GATX - GATX: Railcar Leasing Firm Is An Overlooked Capital Gains Candidate

Summary

  • GATX has paid an uninterrupted quarterly dividend since 1918, 105 years, and has raised its dividend consecutively for the past 14 years.
  • GATX offers exposure to a diverse portfolio of railcars. GATX's main markets are in North America, Europe, and India, and is partners with Rolls-Royce in spare aircraft engine leasing.
  • Even though GATX could be considered a “Steady Eddie” selection, management has voiced concerns with short-term outlooks. My recommendation is to nibble here and to add during market weakness.
  • GATX's major competitors are either privately held (Union), or part of a much larger firm (Wells Fargo, Trinity, CIT).
  • GATX provides investors exposure to the largest "pure" publicly traded railcar leasing company.

GATX Corporation ( GATX ), previously known as General American Transportation, was founded as the Atlantic Seaboard Dispatch Co. in Chicago, Illinois in 1898 to ship beer in refrigerated railcars for the Duquesne Brewing Company. Today, GATX is one of the largest tank car leasing company with assets in North America, Europe, and India. In addition, GATX has a joint venture with Rolls-Royce (RYCEF), known as Rolls-Royce & Partners Finance RRPF. RRPF manages a portfolio of leased spare aircraft engines. Along the same business lines, GATX began purchasing its own stable of spare aircraft engines, with RRPF as the managing partner for leasing these assets. Railcar leasing is often an overlooked specialty finance industry which is controlled by a few big players, including GATX.

The Company leases tank cars, various freight car configurations, such as flat bed, box, and auto carriers, in addition to locomotives in North America. GATX focuses on tank and freight cars in Europe, and freight cars in India. Also, GATX owns Trifleet and its portfolio of 18,000 uniquely specialized tank containers combining the advantages of rail tank shipping with intermodal transportation. The company owns a fleet of ~147,000 railcars and 570 locomotives. The Company's rail customers primarily operate in the petroleum, chemical, food/agriculture, and transportation industries.

The company operates through four segments: Rail North America (67% of 2022 revenues), Rail International (22%), Portfolio Management (3%), and Other (8%). Portfolio Management includes its interest in RRPF, company-owned spare aircraft engines, and Trifleet. Other includes railcar maintenance and repair services for railcar leasing customers from company-owned repair facilities.

Factmr.com estimates the US railcar leasing market generates revenue of ~$6 billion a year. Page 26 of the 2022 GATX Corporate Overview presentation outlines railcar leasing market share by the top firms, based on a market size of 921,000 railcars. The presentation also outlines market share by tank cars and by freight cars. Management estimates GATX has a 17% market share for tanks cars and 10% market share for freight cars, for an average North American market share of 13%. The top tier railcar lessors include GATX, CIT group, a subsidiary of First Citizens Bancshares ( FCNCA ) with 13% share, privately held Union Tank Car also with 13%, Wells Fargo ( WFC ) with 15%, and Trinity ( TRN ) with 14%. The presentation implies these five companies control almost 70% of the North American railcar leasing business. Industry annual growth has slowed a bit from its 2015 to 2019 rate of 8% with annual growth expected to be 6.5% from 2021 to 2025.

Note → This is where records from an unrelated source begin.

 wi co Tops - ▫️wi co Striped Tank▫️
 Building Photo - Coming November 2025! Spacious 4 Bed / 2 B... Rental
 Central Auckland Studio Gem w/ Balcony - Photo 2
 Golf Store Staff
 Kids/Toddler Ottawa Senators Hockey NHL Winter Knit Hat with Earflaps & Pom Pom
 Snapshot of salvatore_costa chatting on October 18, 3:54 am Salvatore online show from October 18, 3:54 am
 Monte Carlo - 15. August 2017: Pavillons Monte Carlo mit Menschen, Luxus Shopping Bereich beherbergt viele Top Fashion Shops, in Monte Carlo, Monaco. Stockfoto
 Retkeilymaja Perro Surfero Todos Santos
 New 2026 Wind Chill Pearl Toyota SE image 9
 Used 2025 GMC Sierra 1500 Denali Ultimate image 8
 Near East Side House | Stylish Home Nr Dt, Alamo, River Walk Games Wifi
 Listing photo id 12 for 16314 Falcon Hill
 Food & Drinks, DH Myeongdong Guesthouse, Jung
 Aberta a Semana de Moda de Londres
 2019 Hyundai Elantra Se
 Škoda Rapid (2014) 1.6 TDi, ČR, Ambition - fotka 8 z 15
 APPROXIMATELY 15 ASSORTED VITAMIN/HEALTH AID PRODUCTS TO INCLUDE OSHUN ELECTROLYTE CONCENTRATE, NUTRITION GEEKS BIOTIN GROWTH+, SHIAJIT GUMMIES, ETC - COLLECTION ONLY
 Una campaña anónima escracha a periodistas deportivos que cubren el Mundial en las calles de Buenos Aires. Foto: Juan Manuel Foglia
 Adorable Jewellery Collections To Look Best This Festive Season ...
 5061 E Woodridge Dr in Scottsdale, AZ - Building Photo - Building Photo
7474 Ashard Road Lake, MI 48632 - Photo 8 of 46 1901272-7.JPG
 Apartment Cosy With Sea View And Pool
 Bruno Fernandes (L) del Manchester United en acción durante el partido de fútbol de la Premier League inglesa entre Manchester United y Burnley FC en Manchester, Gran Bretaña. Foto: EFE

Driving this growth in the US is the cost advantage of rail transportation over truck. Also, rail shipping offers an improved ESG profile with its smaller carbon footprint. Cost factors play a large role in leasing over purchasing considerations for shippers. A decade ago, “standard” tank railcars cost under $50,000 each, but currently exceed $150,000. With an average useful life span of 20 years and most scrapped after 35 yrs, and the higher financing expense from increasing interest rates, the cost advantage is moving towards leasing. GATX annually refreshes its portfolio by selling a portion of their assets, termed remarketing, and scraping other. In 2021, GATX remarketed 2,500 railcars and scrapped another 3,500, generating revenues of $97 million. Over the years, management has sold and scrapped an average of 6,000 to 7,000 railcars annually, and replaced the retired assets with updated and safer product. In 2022, GATX placed orders for new assets totally over $1 billion to be delivered over the next 5 years. Over the past few years, GATX has increased its fleet size by about 1% a year.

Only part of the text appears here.